“It is a sign of confidence. We welcome that and we recognize it,” Alfonso Garcia-Miro, president of business association Confiep, told RPP radio.
“What is important is to recognize the confidence that the government is giving to businesses and to the community in general,” he added.
Late Friday, Humala announced a package of seven measures that the government says will facilitate investment. The announcement came amid growing concern about the health of Peru’s economy and its ability to maintain strong growth as metal prices decline.
In the first quarter, Peru grew 4.8 percent, which was the slowest quarterly growth rate since 2009. Peru also posted a trade deficit in the first three months of this year, the first quarterly deficit since 2008, on the sharp decline in exports of copper, gold and other commodities.

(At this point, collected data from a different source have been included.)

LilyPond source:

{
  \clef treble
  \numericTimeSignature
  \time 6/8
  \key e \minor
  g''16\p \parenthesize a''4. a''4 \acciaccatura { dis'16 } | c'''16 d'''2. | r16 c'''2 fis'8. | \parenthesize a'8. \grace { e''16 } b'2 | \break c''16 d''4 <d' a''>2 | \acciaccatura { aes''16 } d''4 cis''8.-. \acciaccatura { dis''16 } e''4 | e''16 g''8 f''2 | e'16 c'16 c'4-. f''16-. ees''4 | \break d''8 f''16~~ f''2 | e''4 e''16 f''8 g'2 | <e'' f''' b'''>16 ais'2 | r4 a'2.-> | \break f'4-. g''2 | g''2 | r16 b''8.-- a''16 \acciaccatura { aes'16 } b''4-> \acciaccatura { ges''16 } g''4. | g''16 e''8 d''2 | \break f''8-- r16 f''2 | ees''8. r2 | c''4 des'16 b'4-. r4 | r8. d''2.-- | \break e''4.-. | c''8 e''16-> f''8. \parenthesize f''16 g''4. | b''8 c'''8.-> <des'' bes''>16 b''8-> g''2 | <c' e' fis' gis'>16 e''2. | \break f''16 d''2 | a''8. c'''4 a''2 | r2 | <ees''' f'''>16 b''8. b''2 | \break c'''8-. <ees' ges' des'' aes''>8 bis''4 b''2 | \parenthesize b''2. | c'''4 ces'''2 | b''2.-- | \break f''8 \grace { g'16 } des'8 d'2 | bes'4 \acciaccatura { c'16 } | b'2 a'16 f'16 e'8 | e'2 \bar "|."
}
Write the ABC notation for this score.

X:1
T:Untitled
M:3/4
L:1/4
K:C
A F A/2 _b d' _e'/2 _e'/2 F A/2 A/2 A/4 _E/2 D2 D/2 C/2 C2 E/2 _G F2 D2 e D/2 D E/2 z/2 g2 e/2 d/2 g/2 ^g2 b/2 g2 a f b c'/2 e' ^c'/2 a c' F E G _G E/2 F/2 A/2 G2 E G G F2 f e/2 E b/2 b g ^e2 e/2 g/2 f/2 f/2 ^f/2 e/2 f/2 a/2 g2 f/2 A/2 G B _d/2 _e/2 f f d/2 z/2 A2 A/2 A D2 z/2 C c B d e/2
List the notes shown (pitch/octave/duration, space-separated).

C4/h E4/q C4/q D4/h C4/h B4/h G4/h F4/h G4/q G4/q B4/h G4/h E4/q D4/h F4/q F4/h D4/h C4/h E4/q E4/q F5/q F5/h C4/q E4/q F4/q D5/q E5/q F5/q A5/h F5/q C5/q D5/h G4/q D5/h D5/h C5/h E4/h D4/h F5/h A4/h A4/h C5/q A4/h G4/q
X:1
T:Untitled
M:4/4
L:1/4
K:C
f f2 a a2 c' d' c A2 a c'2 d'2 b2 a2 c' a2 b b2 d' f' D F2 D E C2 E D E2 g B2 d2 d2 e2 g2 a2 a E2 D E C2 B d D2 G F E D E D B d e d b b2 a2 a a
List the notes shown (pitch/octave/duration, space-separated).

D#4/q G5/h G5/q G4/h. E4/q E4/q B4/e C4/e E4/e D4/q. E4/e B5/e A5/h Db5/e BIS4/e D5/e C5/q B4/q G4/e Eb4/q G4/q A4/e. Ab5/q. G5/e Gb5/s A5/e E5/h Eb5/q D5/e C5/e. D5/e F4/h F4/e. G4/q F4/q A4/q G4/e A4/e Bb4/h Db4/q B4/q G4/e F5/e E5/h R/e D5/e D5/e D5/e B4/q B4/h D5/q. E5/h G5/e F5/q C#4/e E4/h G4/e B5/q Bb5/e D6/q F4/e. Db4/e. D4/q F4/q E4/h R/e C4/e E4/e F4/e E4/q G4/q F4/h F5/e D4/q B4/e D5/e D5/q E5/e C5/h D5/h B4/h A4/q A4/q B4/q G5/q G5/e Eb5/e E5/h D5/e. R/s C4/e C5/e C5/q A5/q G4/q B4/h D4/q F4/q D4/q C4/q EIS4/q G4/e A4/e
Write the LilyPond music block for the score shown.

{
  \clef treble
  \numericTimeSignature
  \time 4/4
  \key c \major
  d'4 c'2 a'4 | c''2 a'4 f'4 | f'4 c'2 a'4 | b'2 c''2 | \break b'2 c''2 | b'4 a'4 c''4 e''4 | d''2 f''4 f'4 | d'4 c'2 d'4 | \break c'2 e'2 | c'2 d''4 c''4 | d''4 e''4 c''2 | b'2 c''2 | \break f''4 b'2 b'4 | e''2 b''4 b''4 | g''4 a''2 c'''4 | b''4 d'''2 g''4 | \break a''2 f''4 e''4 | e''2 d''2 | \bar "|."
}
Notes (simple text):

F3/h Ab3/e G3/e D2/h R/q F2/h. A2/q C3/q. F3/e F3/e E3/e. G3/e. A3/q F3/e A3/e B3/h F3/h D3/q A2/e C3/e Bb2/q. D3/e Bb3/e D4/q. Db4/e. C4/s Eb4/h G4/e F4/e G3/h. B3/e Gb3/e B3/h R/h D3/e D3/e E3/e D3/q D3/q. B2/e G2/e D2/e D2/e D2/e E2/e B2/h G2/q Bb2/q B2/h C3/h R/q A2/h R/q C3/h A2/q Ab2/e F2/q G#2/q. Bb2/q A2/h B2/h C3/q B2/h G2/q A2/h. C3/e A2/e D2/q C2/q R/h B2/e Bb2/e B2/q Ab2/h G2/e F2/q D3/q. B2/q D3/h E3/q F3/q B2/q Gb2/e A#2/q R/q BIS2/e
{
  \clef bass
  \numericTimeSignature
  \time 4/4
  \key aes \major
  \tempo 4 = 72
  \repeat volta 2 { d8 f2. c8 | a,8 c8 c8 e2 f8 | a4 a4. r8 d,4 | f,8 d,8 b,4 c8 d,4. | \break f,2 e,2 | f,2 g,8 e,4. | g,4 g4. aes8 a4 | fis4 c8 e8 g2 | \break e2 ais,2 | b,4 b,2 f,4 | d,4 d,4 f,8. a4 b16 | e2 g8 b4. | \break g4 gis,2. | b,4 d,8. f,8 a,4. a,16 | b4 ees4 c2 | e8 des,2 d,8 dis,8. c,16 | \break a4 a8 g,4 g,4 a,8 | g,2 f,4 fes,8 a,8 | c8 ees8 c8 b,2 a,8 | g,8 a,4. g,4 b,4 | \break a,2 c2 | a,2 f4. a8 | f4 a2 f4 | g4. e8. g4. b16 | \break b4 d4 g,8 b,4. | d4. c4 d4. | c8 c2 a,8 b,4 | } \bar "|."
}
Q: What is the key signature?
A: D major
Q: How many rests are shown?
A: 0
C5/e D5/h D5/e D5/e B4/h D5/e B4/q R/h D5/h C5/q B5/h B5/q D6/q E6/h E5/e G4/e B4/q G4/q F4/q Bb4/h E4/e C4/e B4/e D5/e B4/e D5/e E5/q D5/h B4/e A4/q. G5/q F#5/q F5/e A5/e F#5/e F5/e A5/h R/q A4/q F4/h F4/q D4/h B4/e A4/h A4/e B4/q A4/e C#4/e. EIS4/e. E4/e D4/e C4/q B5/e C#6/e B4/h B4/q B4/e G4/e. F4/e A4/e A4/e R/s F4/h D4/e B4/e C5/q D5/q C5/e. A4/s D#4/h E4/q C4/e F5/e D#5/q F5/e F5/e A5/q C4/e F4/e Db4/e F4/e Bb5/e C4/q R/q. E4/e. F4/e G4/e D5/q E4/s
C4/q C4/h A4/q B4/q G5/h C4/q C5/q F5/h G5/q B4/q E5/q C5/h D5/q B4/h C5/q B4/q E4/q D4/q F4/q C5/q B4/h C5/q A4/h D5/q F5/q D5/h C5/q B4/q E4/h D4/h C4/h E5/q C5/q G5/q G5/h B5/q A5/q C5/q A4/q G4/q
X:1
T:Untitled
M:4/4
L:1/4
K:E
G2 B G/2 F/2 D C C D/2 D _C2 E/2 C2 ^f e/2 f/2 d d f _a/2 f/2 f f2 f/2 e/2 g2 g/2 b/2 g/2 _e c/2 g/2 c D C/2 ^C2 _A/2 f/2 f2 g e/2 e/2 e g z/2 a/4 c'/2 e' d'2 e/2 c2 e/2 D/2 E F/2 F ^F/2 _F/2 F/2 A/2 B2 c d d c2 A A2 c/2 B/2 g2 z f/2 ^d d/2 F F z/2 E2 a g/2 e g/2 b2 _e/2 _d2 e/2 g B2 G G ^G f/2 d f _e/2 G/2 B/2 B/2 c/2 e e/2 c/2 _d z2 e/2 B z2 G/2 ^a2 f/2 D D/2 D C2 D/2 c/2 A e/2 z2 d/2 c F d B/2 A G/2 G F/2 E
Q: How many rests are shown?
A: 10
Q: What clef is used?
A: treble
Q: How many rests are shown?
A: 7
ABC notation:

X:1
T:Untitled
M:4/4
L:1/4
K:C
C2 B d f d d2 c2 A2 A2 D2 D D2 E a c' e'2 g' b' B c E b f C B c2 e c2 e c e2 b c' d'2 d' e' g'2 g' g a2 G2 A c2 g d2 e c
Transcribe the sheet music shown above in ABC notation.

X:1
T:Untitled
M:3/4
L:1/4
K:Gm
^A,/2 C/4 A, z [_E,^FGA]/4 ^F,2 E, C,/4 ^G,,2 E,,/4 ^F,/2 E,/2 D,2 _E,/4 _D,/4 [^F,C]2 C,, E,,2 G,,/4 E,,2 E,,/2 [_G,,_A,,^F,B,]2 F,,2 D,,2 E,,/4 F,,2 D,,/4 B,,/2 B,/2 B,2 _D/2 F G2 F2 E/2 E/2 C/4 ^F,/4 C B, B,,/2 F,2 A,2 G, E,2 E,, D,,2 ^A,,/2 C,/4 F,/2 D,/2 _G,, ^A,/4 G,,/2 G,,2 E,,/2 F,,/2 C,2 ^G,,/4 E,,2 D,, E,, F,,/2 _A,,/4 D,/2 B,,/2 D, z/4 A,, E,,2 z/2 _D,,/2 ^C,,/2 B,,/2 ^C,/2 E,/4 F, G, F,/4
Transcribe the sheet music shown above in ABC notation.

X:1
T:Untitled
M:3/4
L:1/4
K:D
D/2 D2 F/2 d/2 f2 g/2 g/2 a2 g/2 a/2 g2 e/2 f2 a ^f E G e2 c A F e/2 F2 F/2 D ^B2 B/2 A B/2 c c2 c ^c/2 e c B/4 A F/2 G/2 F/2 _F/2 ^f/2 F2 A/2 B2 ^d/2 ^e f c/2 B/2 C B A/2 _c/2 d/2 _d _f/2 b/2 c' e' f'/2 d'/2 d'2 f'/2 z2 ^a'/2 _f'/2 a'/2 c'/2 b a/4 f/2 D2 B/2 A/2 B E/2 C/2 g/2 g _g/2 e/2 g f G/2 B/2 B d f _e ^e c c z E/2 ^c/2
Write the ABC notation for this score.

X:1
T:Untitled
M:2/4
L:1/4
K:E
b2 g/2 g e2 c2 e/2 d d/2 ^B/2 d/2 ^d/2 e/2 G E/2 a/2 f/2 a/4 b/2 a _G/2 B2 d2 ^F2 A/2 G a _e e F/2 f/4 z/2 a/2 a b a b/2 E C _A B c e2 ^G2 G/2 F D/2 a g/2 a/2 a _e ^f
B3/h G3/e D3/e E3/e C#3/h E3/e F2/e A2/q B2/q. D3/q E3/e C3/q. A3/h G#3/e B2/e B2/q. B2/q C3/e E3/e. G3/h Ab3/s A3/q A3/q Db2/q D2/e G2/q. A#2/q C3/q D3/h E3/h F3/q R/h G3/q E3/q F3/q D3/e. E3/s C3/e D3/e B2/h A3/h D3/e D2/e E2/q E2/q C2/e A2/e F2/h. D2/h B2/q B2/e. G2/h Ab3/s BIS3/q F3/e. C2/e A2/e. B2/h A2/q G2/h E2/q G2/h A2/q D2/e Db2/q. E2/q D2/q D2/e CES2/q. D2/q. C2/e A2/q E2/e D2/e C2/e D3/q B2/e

Among the measures to boost investments is a plan to streamline the processing for environmental impact studies, a key permit, and pushing through legislation to reform Peru’s capital markets in order to make it easier for small and medium sized companies to raise financing. Humala also said that a special committee will be set up in order to follow and facilitate the development process of Peru’s biggest investment projects.
While the sluggish global economy is hurting Peru’s economy, several domestic issues have also affected investments plans, including social conflicts and initial plans that the government was aiming to increase the state’s presence in the hydrocarbons sector. The plans to buy assets owned by Spanish oil major Repsol were abandoned after an outcry from Peru’s private-sector and opposition politicians.